Employees without facility-specific infection control knowledge could spread preventable infections among vulnerable residents. Missing behavioral health training left staff unprepared to appropriately manage residents with dementia, depression, or other mental health conditions.

The corporate structure that was supposed to ensure training compliance had instead created a system where individual facilities could ignore training requirements without immediate consequences. Corporate assigned the modules and sent the lists, but nobody was verifying completion or following up on delinquent employees.

Complete Care at Hagerstown's training failures represented a breakdown at every level. The administrator lacked basic assessment tools. The corporate oversight system had no enforcement mechanism. Individual employees weren't completing required modules. And residents were receiving care from staff who hadn't received updated training on fundamental safety topics in years.

The facility now faces federal enforcement action and must submit a plan of correction explaining how it will ensure all staff complete required training going forward.

Full Inspection Report

The details above represent a summary of key findings. View the complete inspection report for Complete Care At Hagerstown from 2026-01-29 including all violations, facility responses, and corrective action plans.

Additional Resources

🏥 Editorial Standards & Professional Oversight

Data Source: This report is based on official federal inspection data from the Centers for Medicare & Medicaid Services (CMS).

Editorial Process: Content generated using AI (Claude) to synthesize complex regulatory data, then reviewed and verified for accuracy by our editorial team.

Professional Review: All content undergoes standards and compliance oversight by Christopher F. Nesbitt, Sr., NH EMT & BU-trained Paralegal, using professional regulatory data auditing protocols.

Medical Perspective: As emergency medical professionals, we understand how nursing home violations can escalate to health emergencies requiring ambulance transport.

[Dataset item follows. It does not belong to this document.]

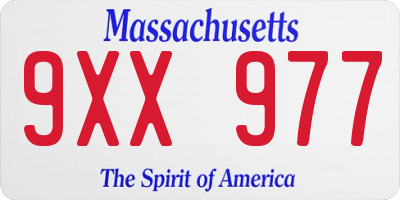 MA license plate 9XX977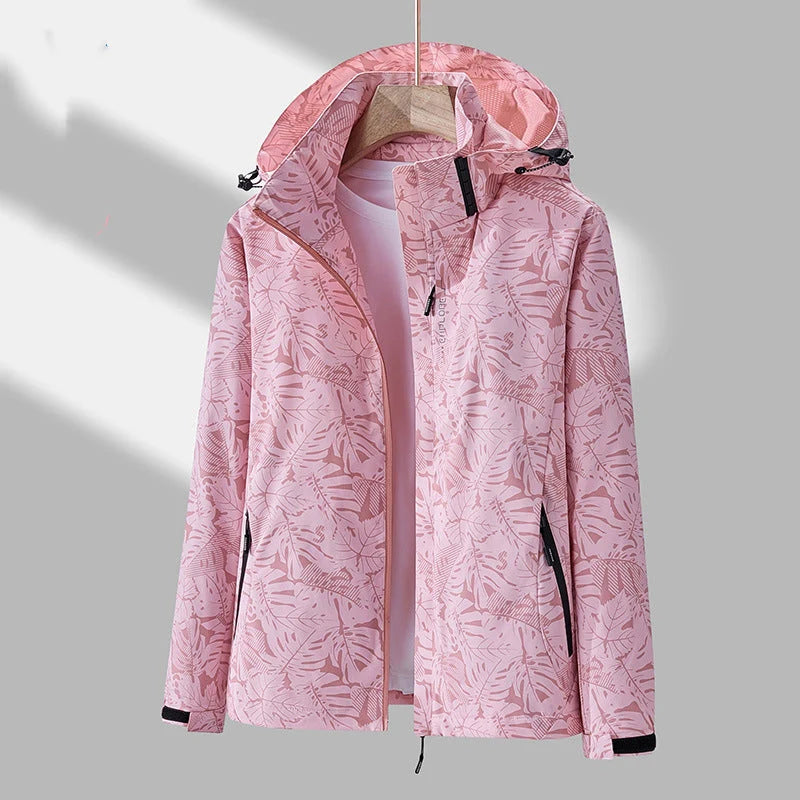 Lara | Elegante chaqueta de mujer estampada con capucha para exteriores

This analysis contextualizes regulatory findings within real-world patient safety implications.

Last verified: May 6, 2026 | Learn more about our methodology

📋 Quick Answer

COMPLETE CARE AT HAGERSTOWN in HAGERSTOWN, MD was cited for violations during a health inspection on January 29, 2026.

Federal inspectors found widespread failures in the facility's training program during a January complaint investigation.

What this means: Health inspections identify deficiencies that facilities must correct. Violations range from minor documentation issues to serious safety concerns. Review the full report below for specific details and facility response.

Frequently Asked Questions

What happened at COMPLETE CARE AT HAGERSTOWN?
Federal inspectors found widespread failures in the facility's training program during a January complaint investigation.
How serious are these violations?
Violation severity varies from minor documentation issues to serious safety concerns. Review the inspection report for specific deficiency codes and scope. All violations must be corrected within required timeframes and are subject to follow-up verification inspections.
What should families do?
Families should: (1) Ask facility administration about specific corrective actions taken, (2) Request to see the follow-up inspection report verifying corrections, (3) Check if this represents a pattern by reviewing prior inspection reports, (4) Compare this facility's ratings with other nursing homes in HAGERSTOWN, MD, (5) Report any new concerns directly to state authorities.
Where can I see the full inspection report?
The complete inspection report is available on Medicare.gov's Care Compare website (www.medicare.gov/care-compare). You can also request a copy directly from COMPLETE CARE AT HAGERSTOWN or from the state Department of Health. The report includes specific deficiency codes, facility responses, and correction timelines. This facility's federal provider number is 215365.
Has this facility had violations before?
To check COMPLETE CARE AT HAGERSTOWN's history, visit Medicare.gov's Care Compare and review their inspection history, quality ratings, and staffing levels. Look for patterns of repeated violations, especially in critical areas like abuse prevention, medication management, infection control, and resident safety.